═════ Data below ═════

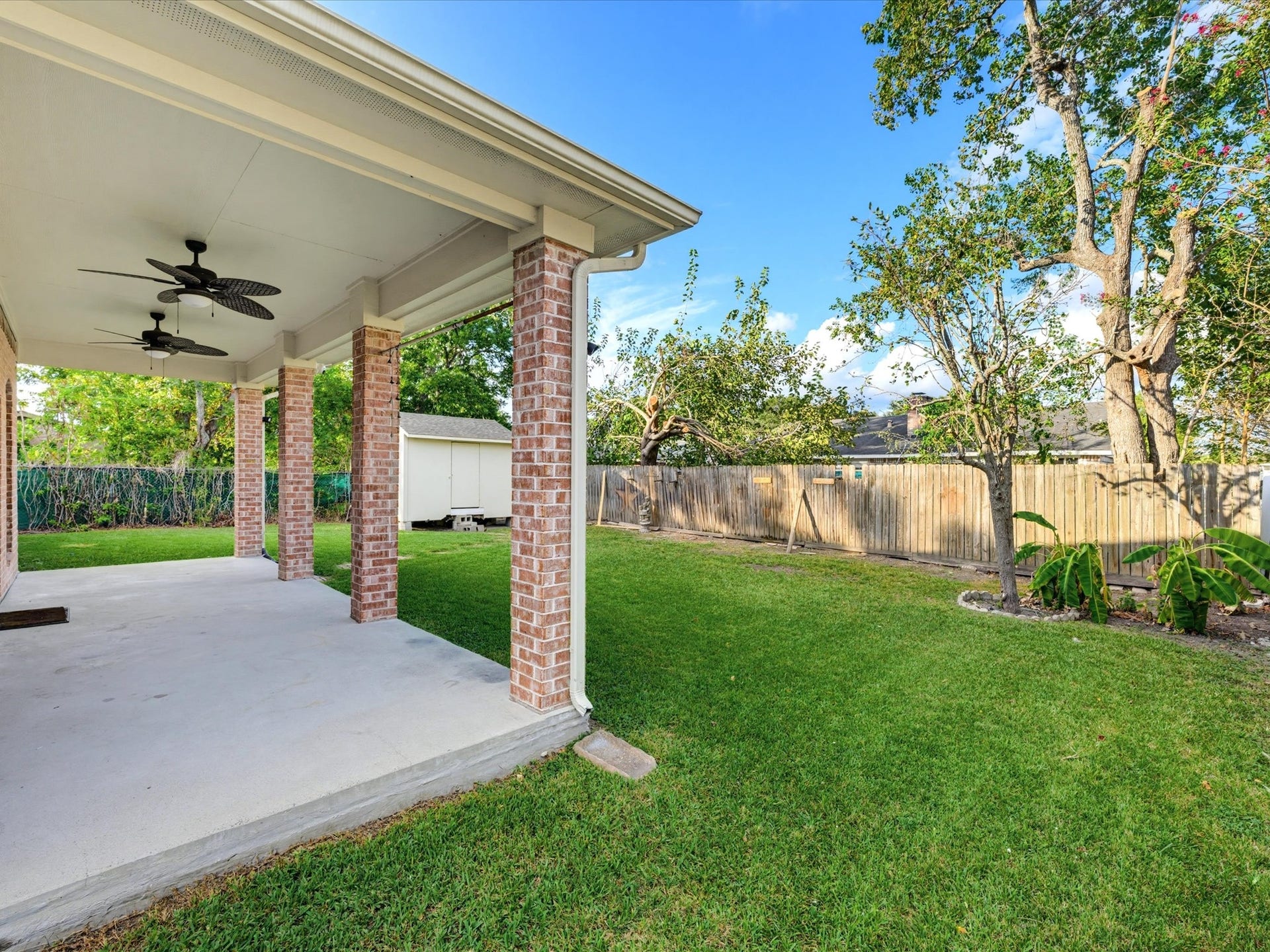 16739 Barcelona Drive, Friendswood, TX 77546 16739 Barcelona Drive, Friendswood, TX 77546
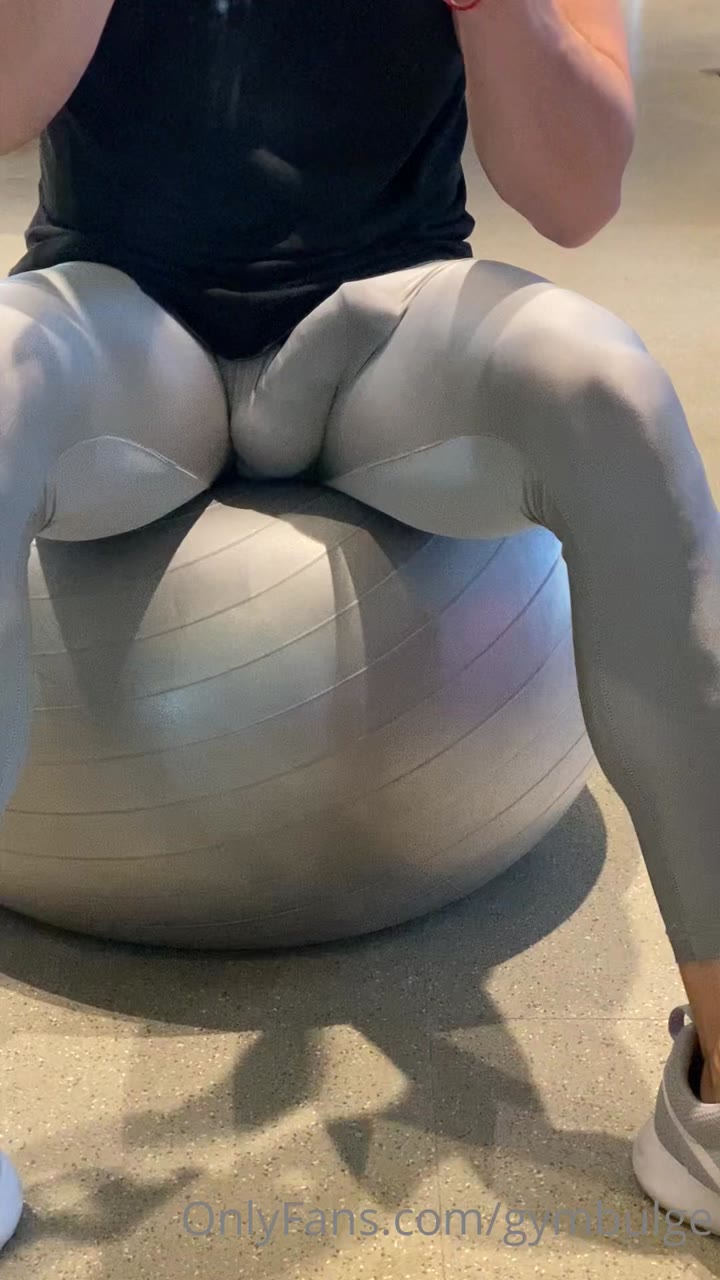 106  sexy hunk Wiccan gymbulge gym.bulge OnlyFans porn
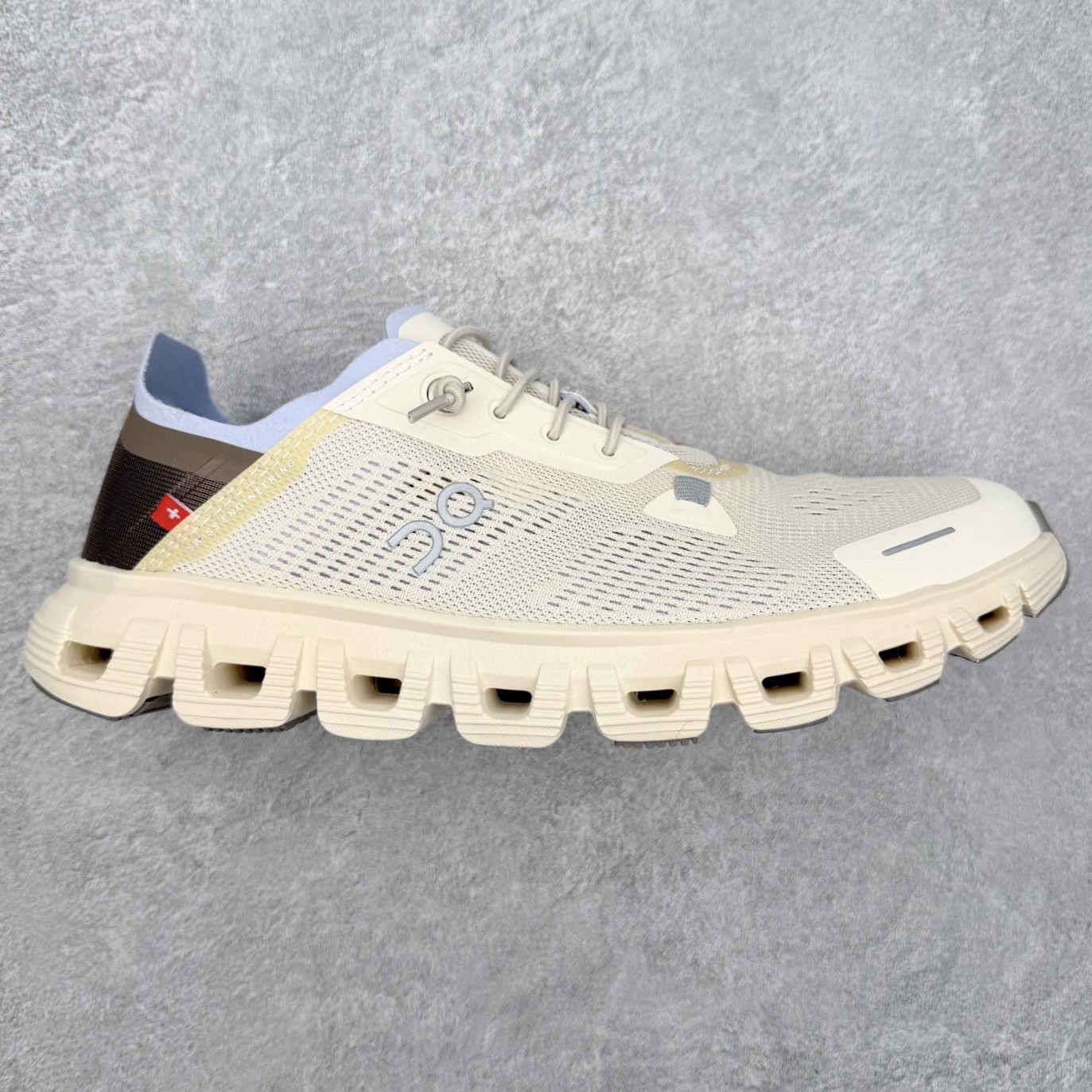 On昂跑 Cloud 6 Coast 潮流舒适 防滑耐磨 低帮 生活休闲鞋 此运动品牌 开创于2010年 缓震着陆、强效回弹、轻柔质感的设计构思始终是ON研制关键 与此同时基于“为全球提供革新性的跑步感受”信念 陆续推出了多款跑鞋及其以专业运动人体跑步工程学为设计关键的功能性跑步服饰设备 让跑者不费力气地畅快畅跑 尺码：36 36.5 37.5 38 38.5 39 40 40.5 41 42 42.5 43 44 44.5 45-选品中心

═════

▸ **Action item**
The answer should contain every line of the material exactly as written and no pictures.

▸ **Response for this exercise**
 16739 Barcelona Drive, Friendswood, TX 77546 16739 Barcelona Drive, Friendswood, TX 77546
 106  sexy hunk Wiccan gymbulge gym.bulge OnlyFans porn
 On昂跑 Cloud 6 Coast 潮流舒适 防滑耐磨 低帮 生活休闲鞋 此运动品牌 开创于2010年 缓震着陆、强效回弹、轻柔质感的设计构思始终是ON研制关键 与此同时基于“为全球提供革新性的跑步感受”信念 陆续推出了多款跑鞋及其以专业运动人体跑步工程学为设计关键的功能性跑步服饰设备 让跑者不费力气地畅快畅跑 尺码：36 36.5 37.5 38 38.5 39 40 40.5 41 42 42.5 43 44 44.5 45-选品中心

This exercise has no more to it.